Task statement ::
Repeat the records exactly as given. Do not include the pictures.

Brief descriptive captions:
====================

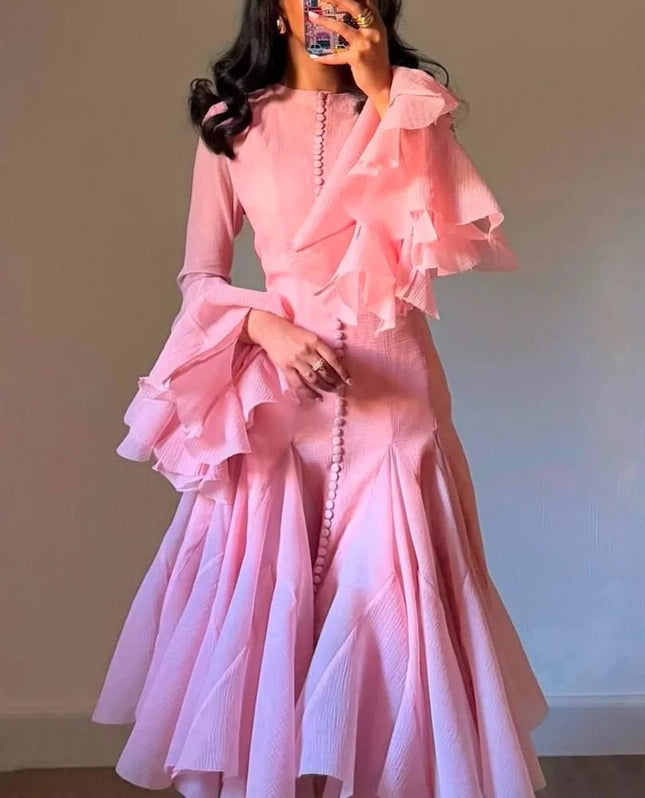 amina – voluminöses midikleid mit asymmetrischen volants und stoffbezogenen knöpfen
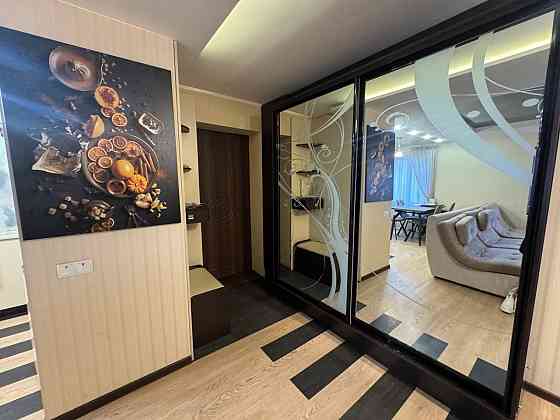 Крупногабаритная 3-х квартира 77кв.м ул.Бахмутская Мариуполь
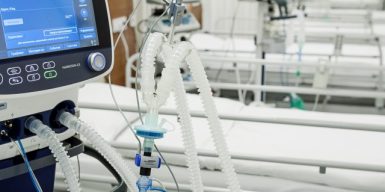 Лікарні Дніпропетровщини отримали 19 кисневих станцій та критично важливе обладнання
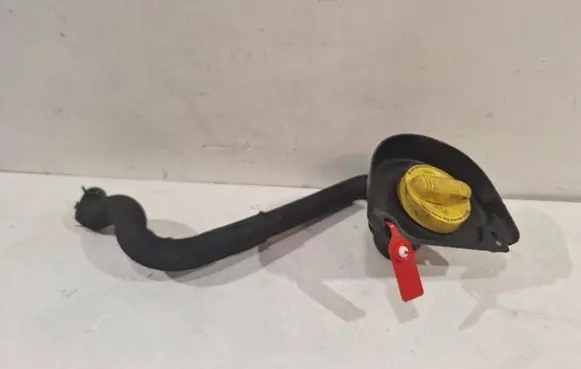 Renault Master III Oil filler cap 8200795333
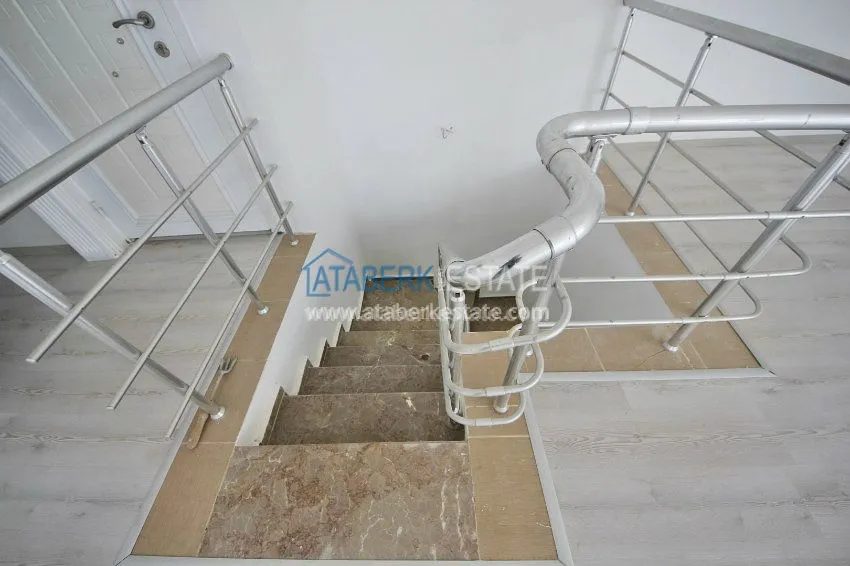 Приобрести Дуплекс с 5 комнатами в 300 мерах от пляжей. 25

====================

Task result ::
 amina – voluminöses midikleid mit asymmetrischen volants und stoffbezogenen knöpfen
 Крупногабаритная 3-х квартира 77кв.м ул.Бахмутская Мариуполь
 Лікарні Дніпропетровщини отримали 19 кисневих станцій та критично важливе обладнання
 Renault Master III Oil filler cap 8200795333
 Приобрести Дуплекс с 5 комнатами в 300 мерах от пляжей. 25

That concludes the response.